RECORDS TO USE ▸
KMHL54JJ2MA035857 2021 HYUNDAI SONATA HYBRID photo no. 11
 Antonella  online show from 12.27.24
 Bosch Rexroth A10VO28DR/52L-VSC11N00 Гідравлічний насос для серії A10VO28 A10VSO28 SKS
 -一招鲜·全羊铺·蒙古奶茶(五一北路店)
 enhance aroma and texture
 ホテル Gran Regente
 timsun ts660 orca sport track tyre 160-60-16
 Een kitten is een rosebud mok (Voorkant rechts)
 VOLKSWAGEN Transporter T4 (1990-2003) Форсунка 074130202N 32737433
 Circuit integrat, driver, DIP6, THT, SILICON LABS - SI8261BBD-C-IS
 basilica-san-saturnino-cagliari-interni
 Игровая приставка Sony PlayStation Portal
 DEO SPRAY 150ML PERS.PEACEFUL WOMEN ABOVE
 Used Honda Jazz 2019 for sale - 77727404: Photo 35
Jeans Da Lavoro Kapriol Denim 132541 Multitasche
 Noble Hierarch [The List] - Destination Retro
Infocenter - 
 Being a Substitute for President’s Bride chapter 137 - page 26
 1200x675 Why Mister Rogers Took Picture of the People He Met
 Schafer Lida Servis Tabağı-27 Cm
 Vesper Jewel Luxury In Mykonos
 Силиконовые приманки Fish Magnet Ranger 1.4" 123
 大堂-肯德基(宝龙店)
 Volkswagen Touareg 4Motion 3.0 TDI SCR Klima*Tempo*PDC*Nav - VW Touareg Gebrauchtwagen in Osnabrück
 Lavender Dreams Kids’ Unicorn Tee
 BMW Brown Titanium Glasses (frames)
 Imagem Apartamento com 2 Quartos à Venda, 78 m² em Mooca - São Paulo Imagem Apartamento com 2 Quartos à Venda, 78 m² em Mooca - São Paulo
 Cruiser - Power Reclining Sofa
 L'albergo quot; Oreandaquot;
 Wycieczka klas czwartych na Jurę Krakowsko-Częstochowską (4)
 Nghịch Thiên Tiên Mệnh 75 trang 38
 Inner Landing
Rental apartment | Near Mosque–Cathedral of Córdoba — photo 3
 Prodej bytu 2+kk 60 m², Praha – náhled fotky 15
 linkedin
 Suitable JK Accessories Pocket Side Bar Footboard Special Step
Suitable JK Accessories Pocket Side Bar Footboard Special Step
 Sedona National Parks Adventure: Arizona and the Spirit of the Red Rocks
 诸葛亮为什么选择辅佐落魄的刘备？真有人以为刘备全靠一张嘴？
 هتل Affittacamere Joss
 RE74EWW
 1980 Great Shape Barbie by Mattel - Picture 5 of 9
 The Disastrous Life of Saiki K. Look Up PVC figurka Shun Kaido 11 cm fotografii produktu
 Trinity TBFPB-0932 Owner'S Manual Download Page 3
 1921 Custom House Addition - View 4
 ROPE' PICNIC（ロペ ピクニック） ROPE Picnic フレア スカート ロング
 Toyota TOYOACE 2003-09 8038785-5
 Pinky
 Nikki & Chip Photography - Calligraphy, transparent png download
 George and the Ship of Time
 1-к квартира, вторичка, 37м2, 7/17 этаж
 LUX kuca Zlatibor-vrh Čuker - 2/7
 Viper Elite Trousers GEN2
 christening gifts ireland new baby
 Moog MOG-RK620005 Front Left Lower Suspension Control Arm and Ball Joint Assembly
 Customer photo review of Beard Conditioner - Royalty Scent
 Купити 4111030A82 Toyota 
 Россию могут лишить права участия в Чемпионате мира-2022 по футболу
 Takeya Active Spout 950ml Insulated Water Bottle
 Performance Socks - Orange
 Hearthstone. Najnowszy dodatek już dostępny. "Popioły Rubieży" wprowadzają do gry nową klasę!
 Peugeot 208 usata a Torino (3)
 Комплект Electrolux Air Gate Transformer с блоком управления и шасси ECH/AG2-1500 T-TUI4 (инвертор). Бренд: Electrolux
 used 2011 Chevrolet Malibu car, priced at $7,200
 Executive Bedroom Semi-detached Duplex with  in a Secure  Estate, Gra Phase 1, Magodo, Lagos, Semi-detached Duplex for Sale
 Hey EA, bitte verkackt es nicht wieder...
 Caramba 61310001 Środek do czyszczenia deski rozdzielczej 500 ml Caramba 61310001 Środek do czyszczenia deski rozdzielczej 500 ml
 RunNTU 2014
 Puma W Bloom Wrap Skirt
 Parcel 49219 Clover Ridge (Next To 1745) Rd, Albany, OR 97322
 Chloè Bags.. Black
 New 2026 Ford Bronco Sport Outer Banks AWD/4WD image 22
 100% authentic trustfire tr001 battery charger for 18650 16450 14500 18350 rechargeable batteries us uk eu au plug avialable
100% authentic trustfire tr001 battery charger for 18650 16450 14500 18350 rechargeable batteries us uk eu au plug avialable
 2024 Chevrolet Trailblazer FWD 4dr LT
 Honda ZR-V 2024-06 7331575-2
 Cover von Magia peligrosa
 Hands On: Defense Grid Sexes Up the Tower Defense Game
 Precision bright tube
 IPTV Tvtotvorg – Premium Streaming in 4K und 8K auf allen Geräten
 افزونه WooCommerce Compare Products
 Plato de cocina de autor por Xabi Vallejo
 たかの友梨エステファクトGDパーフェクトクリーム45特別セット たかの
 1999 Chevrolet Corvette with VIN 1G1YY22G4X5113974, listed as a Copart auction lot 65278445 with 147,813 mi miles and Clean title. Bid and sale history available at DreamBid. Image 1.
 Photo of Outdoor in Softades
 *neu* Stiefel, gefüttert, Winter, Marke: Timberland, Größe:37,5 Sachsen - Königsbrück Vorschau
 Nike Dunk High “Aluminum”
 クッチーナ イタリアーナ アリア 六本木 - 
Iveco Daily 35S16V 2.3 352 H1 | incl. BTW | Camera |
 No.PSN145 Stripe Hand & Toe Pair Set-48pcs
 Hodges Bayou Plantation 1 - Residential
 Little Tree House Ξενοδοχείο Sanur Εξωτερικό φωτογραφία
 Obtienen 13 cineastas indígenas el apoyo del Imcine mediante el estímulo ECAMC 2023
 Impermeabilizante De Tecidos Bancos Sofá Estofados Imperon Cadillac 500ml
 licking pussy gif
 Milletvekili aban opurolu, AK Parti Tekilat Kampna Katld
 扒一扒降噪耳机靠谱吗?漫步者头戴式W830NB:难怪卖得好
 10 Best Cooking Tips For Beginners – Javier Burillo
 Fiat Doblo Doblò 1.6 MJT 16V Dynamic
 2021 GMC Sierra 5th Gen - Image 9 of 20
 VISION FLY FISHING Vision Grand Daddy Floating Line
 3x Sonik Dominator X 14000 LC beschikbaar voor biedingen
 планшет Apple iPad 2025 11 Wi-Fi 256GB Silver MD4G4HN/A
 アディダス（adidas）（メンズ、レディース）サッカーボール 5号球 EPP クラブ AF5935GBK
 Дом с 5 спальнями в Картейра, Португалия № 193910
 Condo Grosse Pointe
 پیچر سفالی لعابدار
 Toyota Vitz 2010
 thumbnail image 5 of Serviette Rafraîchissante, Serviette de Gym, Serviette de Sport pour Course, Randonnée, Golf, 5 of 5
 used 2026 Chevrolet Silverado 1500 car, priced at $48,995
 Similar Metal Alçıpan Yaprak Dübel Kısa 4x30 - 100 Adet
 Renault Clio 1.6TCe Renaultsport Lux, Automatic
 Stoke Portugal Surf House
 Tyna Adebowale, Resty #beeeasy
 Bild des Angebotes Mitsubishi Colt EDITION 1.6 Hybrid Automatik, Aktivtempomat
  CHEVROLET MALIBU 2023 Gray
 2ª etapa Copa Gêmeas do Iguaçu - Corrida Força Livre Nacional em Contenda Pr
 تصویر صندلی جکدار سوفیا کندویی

EXERCISE DESCRIPTION ▸ Return each full line of the entries that contains the word "House".

REPLY ▸
 1921 Custom House Addition - View 4
 Little Tree House Ξενοδοχείο Sanur Εξωτερικό φωτογραφία
 Stoke Portugal Surf House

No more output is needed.